All you have to do is follow a simple instructions here to try this notebook for yourself. I hope you have some fun.

## Inputs
**Input 1:** First off, you need to provide some names. The program will look at these names and build a model using it. There are 49 names that I have already added. To add a name, scroll down and in the next cell you will see a list of names. Simply add a name at the end of the list just before the square bracket ends. 
For example, if you want to add the name "Brutus" to the list of names, you can do so like this,
```
'yazhini',
'Brutus',
]
```
If you are adding more than one name, you will have to add a comma after each name.

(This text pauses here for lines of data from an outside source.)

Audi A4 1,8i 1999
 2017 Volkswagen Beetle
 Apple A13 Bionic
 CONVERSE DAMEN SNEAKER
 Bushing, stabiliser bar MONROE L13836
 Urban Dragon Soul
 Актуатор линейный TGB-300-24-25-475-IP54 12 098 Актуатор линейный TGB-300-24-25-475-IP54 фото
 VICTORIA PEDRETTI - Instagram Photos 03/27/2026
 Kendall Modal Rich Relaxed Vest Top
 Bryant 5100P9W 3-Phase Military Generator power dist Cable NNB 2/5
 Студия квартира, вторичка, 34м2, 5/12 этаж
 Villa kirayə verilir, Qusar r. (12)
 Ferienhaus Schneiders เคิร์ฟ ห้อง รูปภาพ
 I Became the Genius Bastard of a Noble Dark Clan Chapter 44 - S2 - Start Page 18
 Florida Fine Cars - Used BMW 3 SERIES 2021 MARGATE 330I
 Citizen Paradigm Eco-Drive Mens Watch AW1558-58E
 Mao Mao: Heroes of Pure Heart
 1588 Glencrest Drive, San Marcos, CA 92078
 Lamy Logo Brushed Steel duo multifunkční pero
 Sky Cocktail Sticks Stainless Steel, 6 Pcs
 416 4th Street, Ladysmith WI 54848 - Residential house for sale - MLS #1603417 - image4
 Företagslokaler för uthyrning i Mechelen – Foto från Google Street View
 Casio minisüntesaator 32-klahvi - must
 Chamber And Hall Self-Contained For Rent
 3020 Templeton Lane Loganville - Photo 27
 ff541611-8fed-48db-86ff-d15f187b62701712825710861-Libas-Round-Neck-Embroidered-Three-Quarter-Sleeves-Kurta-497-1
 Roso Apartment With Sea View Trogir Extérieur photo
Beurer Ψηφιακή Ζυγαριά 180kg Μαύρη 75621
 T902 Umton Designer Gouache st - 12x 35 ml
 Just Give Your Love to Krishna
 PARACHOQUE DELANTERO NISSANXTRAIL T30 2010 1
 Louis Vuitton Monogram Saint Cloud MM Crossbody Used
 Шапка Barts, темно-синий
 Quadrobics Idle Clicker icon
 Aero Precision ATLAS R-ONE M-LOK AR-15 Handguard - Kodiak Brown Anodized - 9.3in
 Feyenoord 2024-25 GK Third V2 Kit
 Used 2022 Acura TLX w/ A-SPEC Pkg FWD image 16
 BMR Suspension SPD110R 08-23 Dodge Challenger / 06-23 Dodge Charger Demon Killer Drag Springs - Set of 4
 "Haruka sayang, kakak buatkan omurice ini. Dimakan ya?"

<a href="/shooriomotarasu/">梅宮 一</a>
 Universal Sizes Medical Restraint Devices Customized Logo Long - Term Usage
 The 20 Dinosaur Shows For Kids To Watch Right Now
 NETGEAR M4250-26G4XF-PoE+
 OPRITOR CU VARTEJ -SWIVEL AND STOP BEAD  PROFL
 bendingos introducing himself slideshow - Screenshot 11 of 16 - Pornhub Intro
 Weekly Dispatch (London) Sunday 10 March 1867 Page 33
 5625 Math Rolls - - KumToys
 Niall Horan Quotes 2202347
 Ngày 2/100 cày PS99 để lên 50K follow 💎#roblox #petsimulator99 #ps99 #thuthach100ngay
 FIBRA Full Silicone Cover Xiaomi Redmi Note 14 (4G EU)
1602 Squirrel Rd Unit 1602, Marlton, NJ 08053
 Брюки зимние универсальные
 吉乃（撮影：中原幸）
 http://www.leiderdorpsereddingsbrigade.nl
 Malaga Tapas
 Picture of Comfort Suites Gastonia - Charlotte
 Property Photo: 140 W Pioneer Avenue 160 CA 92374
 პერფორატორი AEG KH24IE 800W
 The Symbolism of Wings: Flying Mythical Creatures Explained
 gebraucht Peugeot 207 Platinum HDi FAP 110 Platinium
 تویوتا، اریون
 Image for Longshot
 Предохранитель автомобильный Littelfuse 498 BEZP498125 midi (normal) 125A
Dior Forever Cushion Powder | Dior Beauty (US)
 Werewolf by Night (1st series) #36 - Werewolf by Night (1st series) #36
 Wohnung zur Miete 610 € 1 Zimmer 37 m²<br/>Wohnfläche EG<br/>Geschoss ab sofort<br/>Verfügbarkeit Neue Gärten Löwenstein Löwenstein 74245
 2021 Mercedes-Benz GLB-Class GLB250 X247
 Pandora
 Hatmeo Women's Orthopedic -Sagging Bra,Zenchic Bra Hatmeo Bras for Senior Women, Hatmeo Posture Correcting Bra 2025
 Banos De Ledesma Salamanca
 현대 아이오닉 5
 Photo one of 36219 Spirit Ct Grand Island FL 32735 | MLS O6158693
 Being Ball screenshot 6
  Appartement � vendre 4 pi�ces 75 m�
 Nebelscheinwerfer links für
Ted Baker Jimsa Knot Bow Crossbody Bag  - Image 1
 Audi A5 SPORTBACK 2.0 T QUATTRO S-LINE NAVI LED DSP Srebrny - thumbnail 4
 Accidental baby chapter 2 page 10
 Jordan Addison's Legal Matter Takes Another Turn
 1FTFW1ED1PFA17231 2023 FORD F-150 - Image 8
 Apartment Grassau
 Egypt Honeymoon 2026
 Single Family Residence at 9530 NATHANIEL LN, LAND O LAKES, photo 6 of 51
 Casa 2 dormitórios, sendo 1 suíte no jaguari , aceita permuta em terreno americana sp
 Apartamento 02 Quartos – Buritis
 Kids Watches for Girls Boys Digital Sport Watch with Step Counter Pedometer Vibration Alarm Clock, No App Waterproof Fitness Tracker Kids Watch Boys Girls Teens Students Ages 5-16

For example, if you want to add 'Cassius', 'Sam' and 'Gopal' to the list, you can do so, like,
```
'yazhini',
'Cassius',
'Sam',
'Gopal',
]
```
Please note that every name you add should be enclosed with single quotes and the comma should be after the single quote. To remove a name, simply remove that line from the list. You can remove the entire list and replace it with your own list, but be sure to add the single quotes and commas.
The model performs decently if you give it 50 names, more the merrier.

**Input 2:** The second input you will need to provide is to tell the model if you want your name to start with a specific letter and specific second letter. For example, if you want the predicted names to start with "a" followed by "k", then set,
```
first_letter = 'a'
second_letter = 'k'
```
If you only want the first letter, then,
```
first_letter = 'a'
second_letter = None
```
If you do not want any conditions, then,
```
first_letter = None
second_letter = None
```
**Note:**: You **cannot** set only the second letter. You **CANNOT** do this, atleast for the time being.
```
first_letter = None
second_letter = 'k'
```

**Input 3:** The third input is the minimum length of the name. The default is 2.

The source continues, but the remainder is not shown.